PROMPT:
Lines before the one containing "An Iranian drone" are to be left out; that line and all after it, through the end of the material below, are to be written out exactly.

INPUT DATA:
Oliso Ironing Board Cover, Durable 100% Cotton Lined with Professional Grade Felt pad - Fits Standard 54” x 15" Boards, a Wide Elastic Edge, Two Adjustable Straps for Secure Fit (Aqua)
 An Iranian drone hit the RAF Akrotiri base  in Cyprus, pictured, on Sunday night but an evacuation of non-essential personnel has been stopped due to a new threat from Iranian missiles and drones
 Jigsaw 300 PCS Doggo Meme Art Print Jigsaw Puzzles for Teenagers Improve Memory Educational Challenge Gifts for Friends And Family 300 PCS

ANSWER SPACE:
 An Iranian drone hit the RAF Akrotiri base  in Cyprus, pictured, on Sunday night but an evacuation of non-essential personnel has been stopped due to a new threat from Iranian missiles and drones
 Jigsaw 300 PCS Doggo Meme Art Print Jigsaw Puzzles for Teenagers Improve Memory Educational Challenge Gifts for Friends And Family 300 PCS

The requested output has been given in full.